[Web page caption snippets]
· · · · · · ·
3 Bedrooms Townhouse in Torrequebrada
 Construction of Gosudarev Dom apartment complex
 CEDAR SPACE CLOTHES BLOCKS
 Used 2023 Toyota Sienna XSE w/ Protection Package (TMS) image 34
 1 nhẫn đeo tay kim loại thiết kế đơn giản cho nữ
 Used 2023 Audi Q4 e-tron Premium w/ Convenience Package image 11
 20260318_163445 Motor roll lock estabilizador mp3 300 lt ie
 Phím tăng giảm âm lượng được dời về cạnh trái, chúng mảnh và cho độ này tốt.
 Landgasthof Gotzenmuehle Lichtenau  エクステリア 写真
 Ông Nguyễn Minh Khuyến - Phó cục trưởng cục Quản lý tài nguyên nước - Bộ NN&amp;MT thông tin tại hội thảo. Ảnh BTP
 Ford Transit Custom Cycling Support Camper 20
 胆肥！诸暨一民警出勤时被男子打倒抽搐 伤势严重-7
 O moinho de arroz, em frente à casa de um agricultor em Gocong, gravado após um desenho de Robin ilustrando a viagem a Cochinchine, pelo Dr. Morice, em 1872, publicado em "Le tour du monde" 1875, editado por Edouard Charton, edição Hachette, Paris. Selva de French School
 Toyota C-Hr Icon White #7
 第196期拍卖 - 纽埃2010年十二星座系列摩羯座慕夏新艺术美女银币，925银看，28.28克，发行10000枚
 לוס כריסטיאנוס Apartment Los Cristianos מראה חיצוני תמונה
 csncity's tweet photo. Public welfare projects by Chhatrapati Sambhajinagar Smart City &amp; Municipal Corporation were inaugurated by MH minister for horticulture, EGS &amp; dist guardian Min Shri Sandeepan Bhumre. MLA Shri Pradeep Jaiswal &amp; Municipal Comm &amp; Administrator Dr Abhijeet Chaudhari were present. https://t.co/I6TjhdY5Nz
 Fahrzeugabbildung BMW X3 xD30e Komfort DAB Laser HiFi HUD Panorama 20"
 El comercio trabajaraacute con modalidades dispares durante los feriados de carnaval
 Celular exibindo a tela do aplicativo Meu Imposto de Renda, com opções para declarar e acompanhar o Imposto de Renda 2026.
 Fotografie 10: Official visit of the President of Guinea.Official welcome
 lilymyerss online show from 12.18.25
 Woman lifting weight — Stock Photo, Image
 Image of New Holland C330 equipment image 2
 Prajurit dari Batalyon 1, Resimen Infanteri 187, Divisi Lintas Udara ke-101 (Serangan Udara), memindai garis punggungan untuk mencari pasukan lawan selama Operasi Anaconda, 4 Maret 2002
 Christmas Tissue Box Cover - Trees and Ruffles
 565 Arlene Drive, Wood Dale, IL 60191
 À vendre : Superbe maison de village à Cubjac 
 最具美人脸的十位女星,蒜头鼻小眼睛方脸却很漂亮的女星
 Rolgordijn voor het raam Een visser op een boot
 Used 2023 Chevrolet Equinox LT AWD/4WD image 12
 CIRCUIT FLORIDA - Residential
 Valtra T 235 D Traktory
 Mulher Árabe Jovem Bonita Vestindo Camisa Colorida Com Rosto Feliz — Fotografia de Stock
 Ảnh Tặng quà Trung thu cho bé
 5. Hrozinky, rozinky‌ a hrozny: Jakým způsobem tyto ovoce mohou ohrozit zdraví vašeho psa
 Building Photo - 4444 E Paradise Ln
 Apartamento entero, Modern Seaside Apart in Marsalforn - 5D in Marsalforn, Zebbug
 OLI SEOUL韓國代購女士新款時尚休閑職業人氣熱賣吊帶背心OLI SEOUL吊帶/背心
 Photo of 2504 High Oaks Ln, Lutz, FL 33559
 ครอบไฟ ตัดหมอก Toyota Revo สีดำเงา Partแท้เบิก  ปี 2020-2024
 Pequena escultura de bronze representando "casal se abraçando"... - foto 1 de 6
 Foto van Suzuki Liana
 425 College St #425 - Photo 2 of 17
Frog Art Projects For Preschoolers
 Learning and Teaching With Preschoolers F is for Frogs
· · · · · · ·
**Directions for this task:** Give only the number of lines in the data that hold the word "Toyota".

**Solved problem:** 3